• _GOAL OF THE EXERCISE_:
At the line with "18824 Helen St, Detroit, MI", start transcribing; stop after the last line of the data below. Keep it exact and leave pictures out.

[Captioned web images]
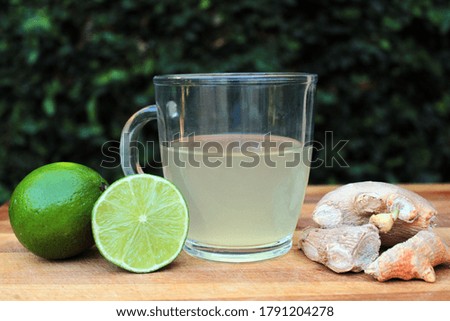 A glass mug filled with lemon and ginger tea. Sliced lemon and ginger roots on the side in a wooden table and green leaves background.
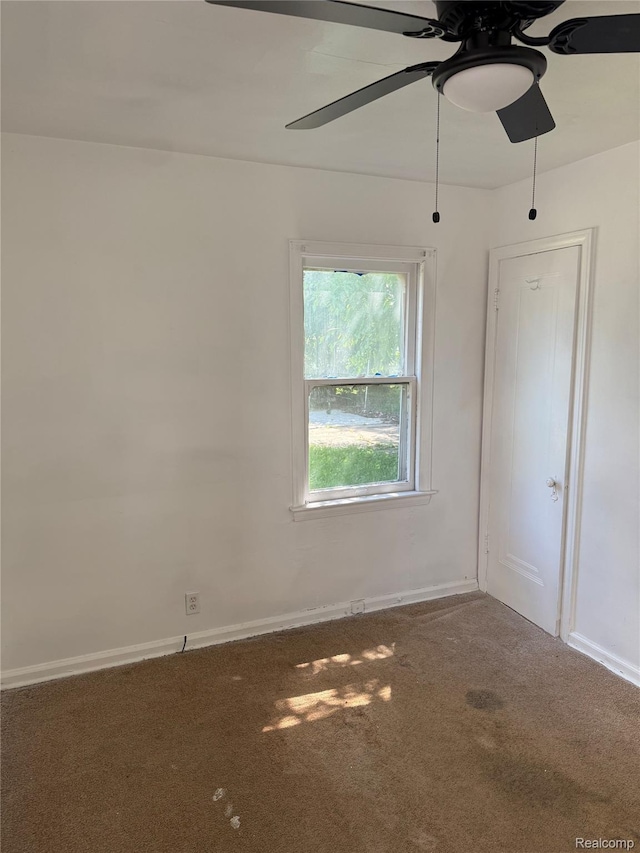 18824 Helen St, Detroit, MI 48234 - carpeted empty room with ceiling fan and baseboards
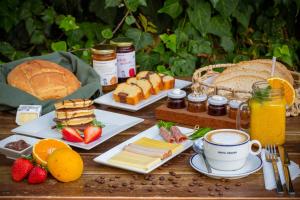 a table topped with sandwiches and fruit and a cup of coffee at Pavlos Hotel in Kos Town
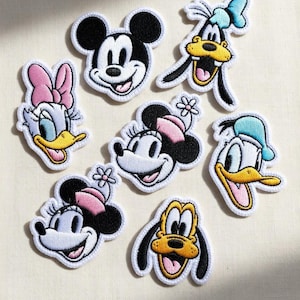Pode incluir: Patches bordados com personagens de desenhos animados populares, incluindo Mickey Mouse, Minnie Mouse, Pato Donald, Margarida, Pateta e Pluto. Cada patch tem uma borda branca e mostra cores vibrantes e expressões faciais detalhadas.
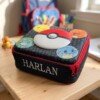 Pokémon lunch bag with Harlan embroidered on the front, displayed on a school desk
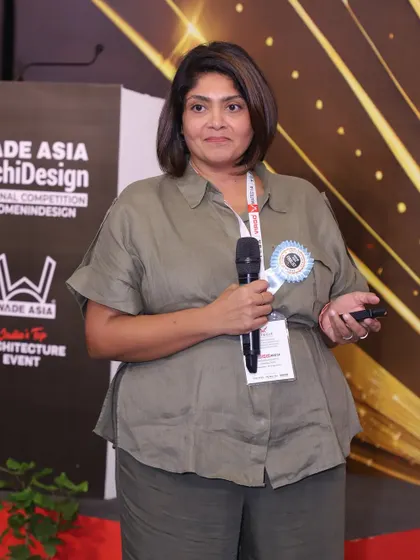 A photo of me presenting at the WADE ASIA awards. It was an honor to share our work and be recognized for our first hospitality project.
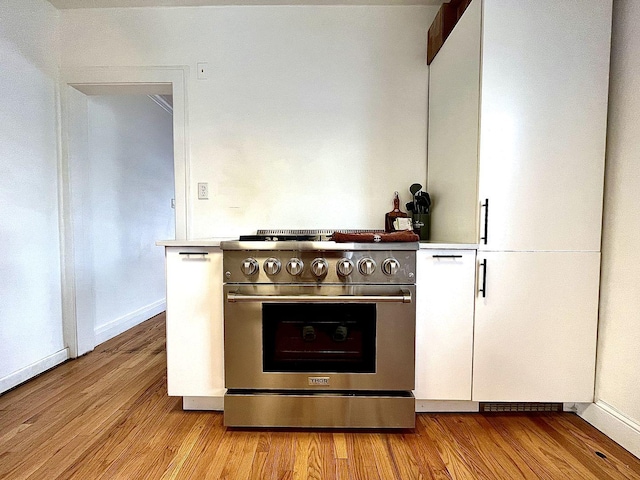 kitchen featuring high end stove, light wood-style floors, white cabinets, and light countertops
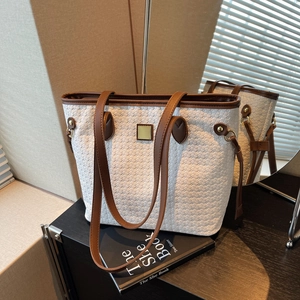 Retro woven tote bag in cream white with brown leather handles and gold buckle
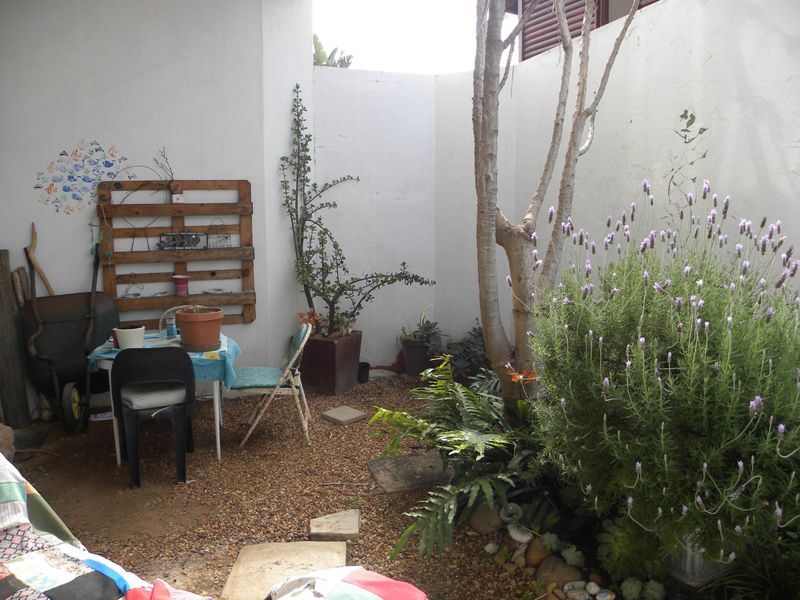 A small, enclosed garden area featuring gravel ground cover and established perimeter walls, offering a private outdoor space with potential for landscaping improvements.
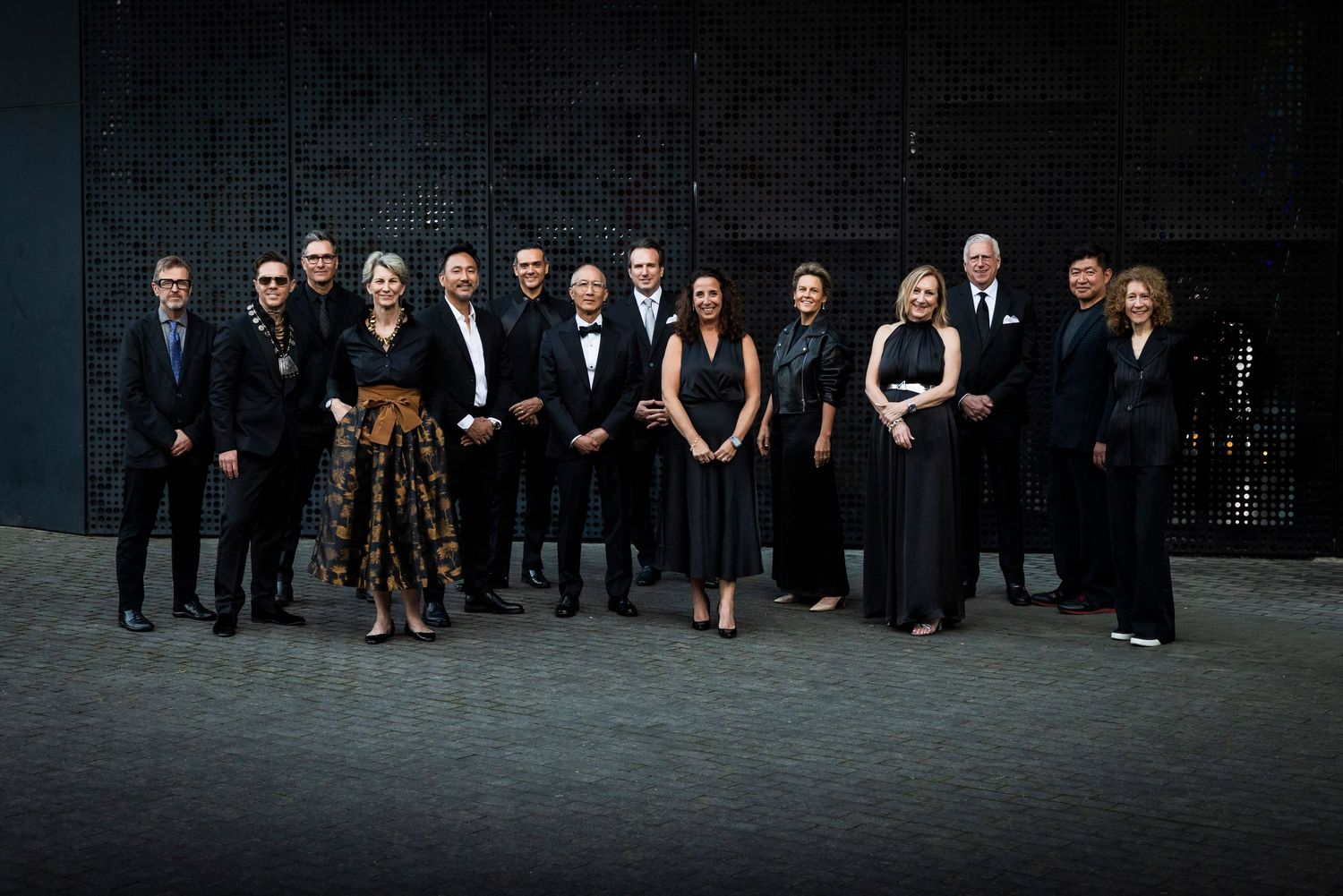 Group of fourteen formally dressed design conference delegates posing together for official group photo.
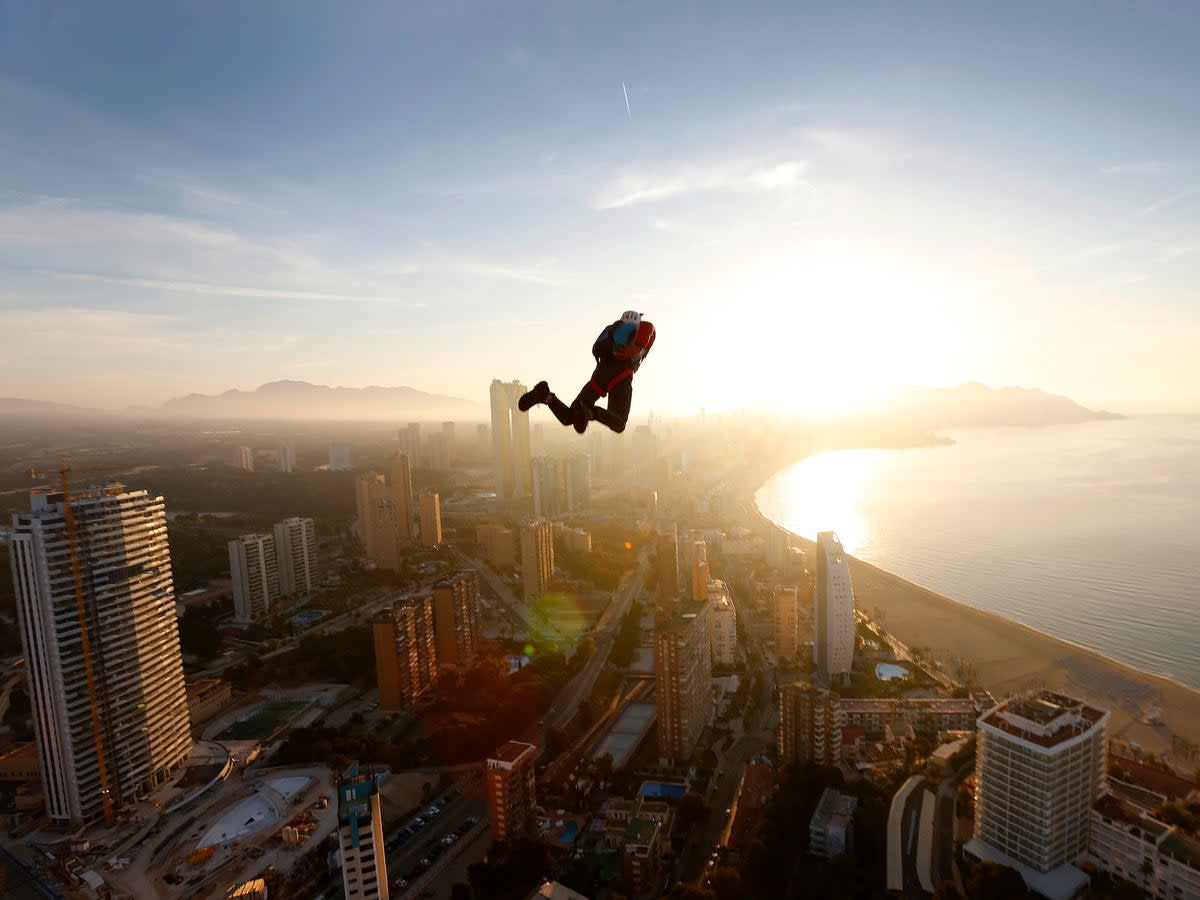 A base jumper in action during the BASE Jump Extreme World Championship at Gran Hotel Bali in Benidorm, Spain (EPA)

• _WRITTEN SOLUTION_:
 18824 Helen St, Detroit, MI 48234 - carpeted empty room with ceiling fan and baseboards
 a table topped with sandwiches and fruit and a cup of coffee at Pavlos Hotel in Kos Town
Pode incluir: Patches bordados com personagens de desenhos animados populares, incluindo Mickey Mouse, Minnie Mouse, Pato Donald, Margarida, Pateta e Pluto. Cada patch tem uma borda branca e mostra cores vibrantes e expressões faciais detalhadas.
 Pokémon lunch bag with Harlan embroidered on the front, displayed on a school desk
 A photo of me presenting at the WADE ASIA awards. It was an honor to share our work and be recognized for our first hospitality project.
 kitchen featuring high end stove, light wood-style floors, white cabinets, and light countertops
 Retro woven tote bag in cream white with brown leather handles and gold buckle
 A small, enclosed garden area featuring gravel ground cover and established perimeter walls, offering a private outdoor space with potential for landscaping improvements.
 Group of fourteen formally dressed design conference delegates posing together for official group photo.
 A base jumper in action during the BASE Jump Extreme World Championship at Gran Hotel Bali in Benidorm, Spain (EPA)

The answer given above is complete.